Brady has New England at 9-3, and the Patriots are still in the hunt for the No.1 seed in AFC. Should Houston stumble in their last four games, a win for the Patriots could make the difference between two home playoff games or one.
Brady has won two MVPs, and is currently fourth in the league in touchdown passes, fifth in passer rating, and sixth in passing yards.It will be the first time Watt has matched up against the veteran quarterback.
Watt has faced Manning, when the Texans traveled to Denver in Week Three. Watt recorded a sack in the game, as Houston edged the Broncos, 31-25.
Manning has Denver on pace to match their best record since 2005, when the Broncos went 13-3 with Jake Plummer under center.

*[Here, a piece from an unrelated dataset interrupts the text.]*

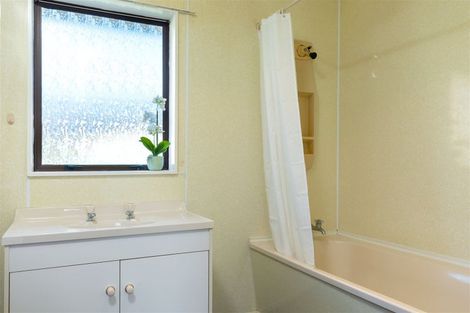 Photo of property in 35 Moana View Road, Waikawa, Picton, 7220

Manning could earn his fifth MVP by leading the Broncos to a 9-3 record, and in contention for a first-round bye.
In his first year in Denver, Manning is second in the league in passer rating, tied for fifth in completions, second in touchdown passes, and second in completion percentage.
Manning also has the advantage of being perhaps the best story in the league this season upon returning to action following neck surgeries that kept him sidelined all of 2011. Many questioned whether Manning would continue to effectively throw after the injury, or if he lost a step at age 36.
With such stiff competition, Watt appears to be a longshot for MVP.
Watt would have to break the single-season sack record of 22.5 set by Michael Strahan in 2001, manhandle Brady, and hope for Manning to fall into a slump in the final stretch of the season.
While Watt may have to settle for Defensive Player of the Year honors, his 2012 season has been an excellent one.